**Exercise directions**
Only the lines from the one with "Obraz premium Brick" through the last line of the material below belong in the answer, copied exactly and without pictures.

**Entries supplied**
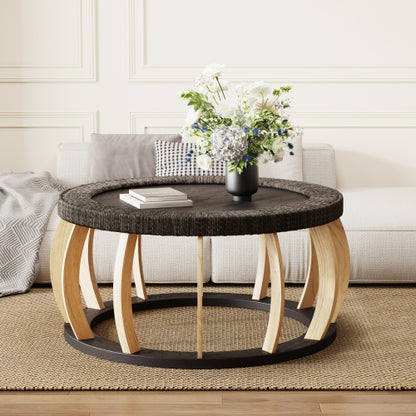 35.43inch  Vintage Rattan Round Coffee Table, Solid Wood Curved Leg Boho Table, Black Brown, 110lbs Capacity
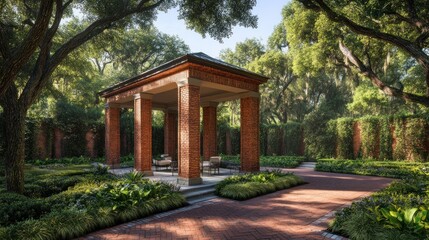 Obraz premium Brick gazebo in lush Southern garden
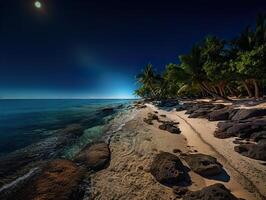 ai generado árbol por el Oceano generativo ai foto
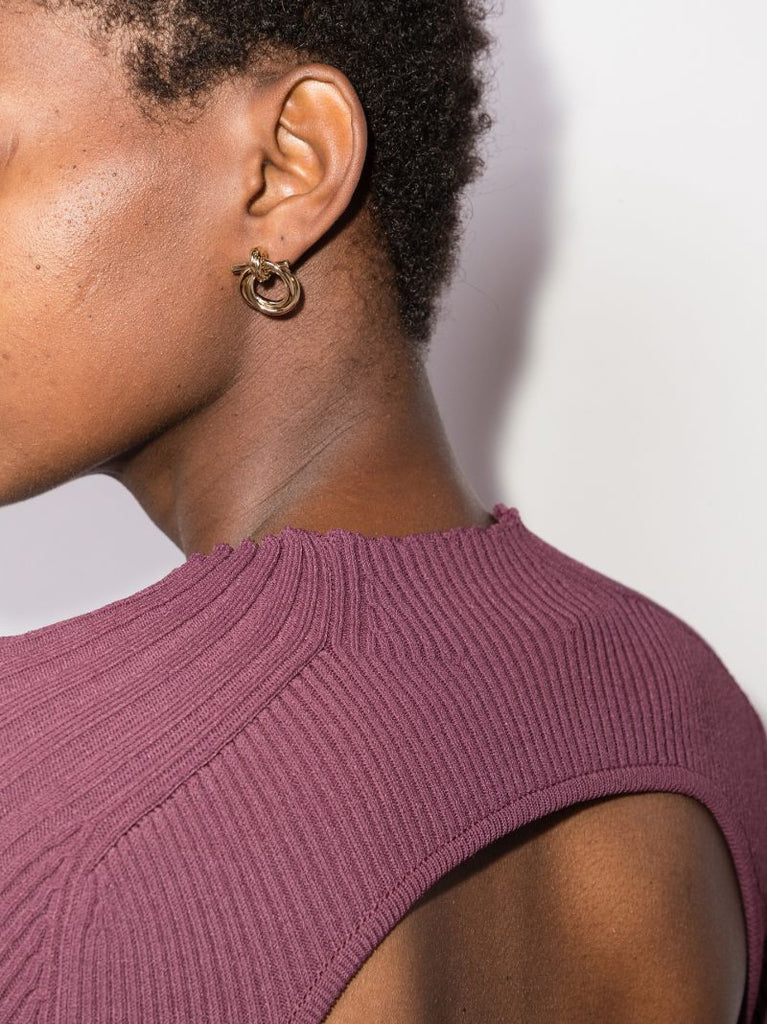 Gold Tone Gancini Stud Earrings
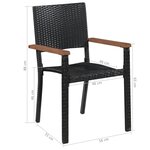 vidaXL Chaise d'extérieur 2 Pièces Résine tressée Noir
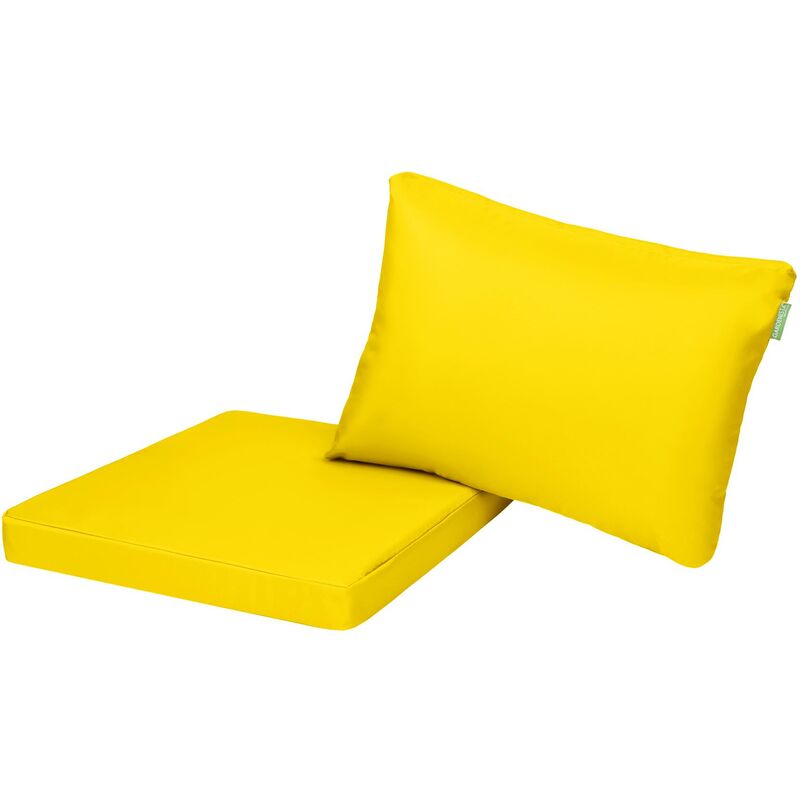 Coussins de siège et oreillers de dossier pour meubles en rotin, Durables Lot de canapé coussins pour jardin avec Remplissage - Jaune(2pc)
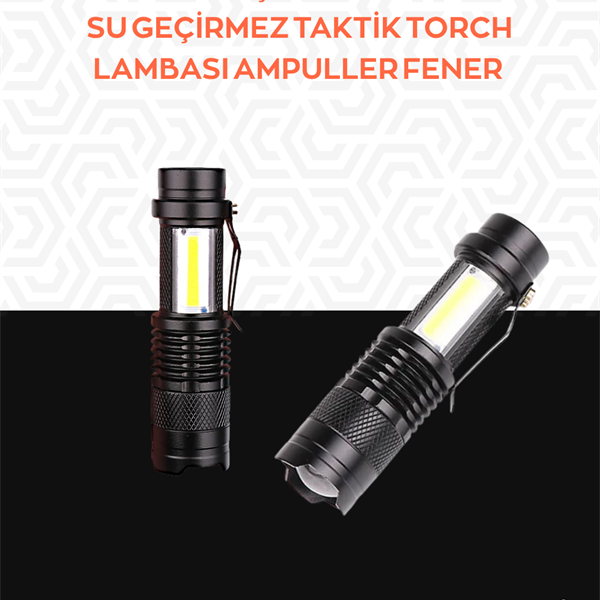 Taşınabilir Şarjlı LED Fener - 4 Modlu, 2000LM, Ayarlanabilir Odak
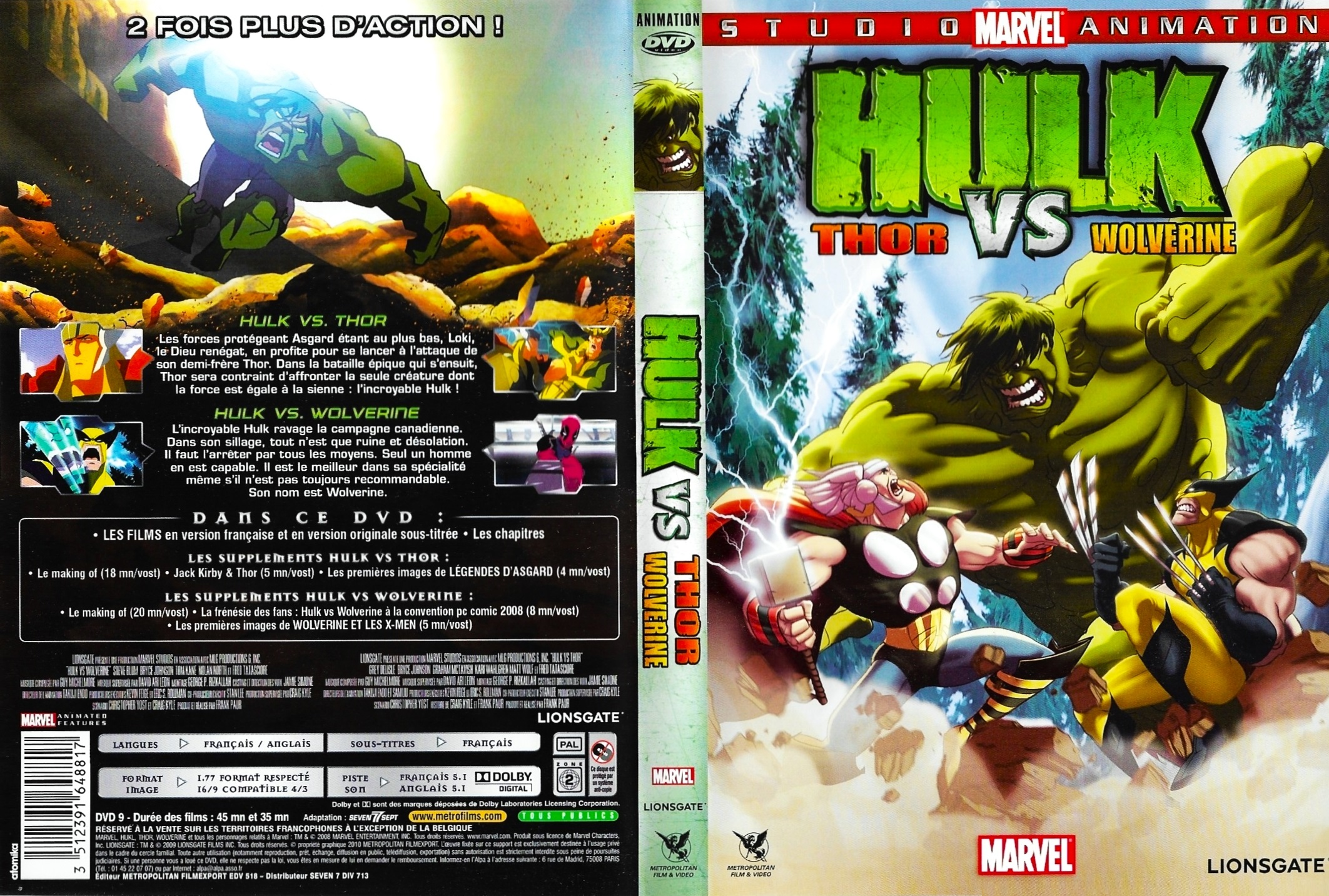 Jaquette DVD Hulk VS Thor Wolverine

**Written reply**
 Obraz premium Brick gazebo in lush Southern garden
 ai generado árbol por el Oceano generativo ai foto
 Gold Tone Gancini Stud Earrings
 vidaXL Chaise d'extérieur 2 Pièces Résine tressée Noir
 Coussins de siège et oreillers de dossier pour meubles en rotin, Durables Lot de canapé coussins pour jardin avec Remplissage - Jaune(2pc)
 Taşınabilir Şarjlı LED Fener - 4 Modlu, 2000LM, Ayarlanabilir Odak
 Jaquette DVD Hulk VS Thor Wolverine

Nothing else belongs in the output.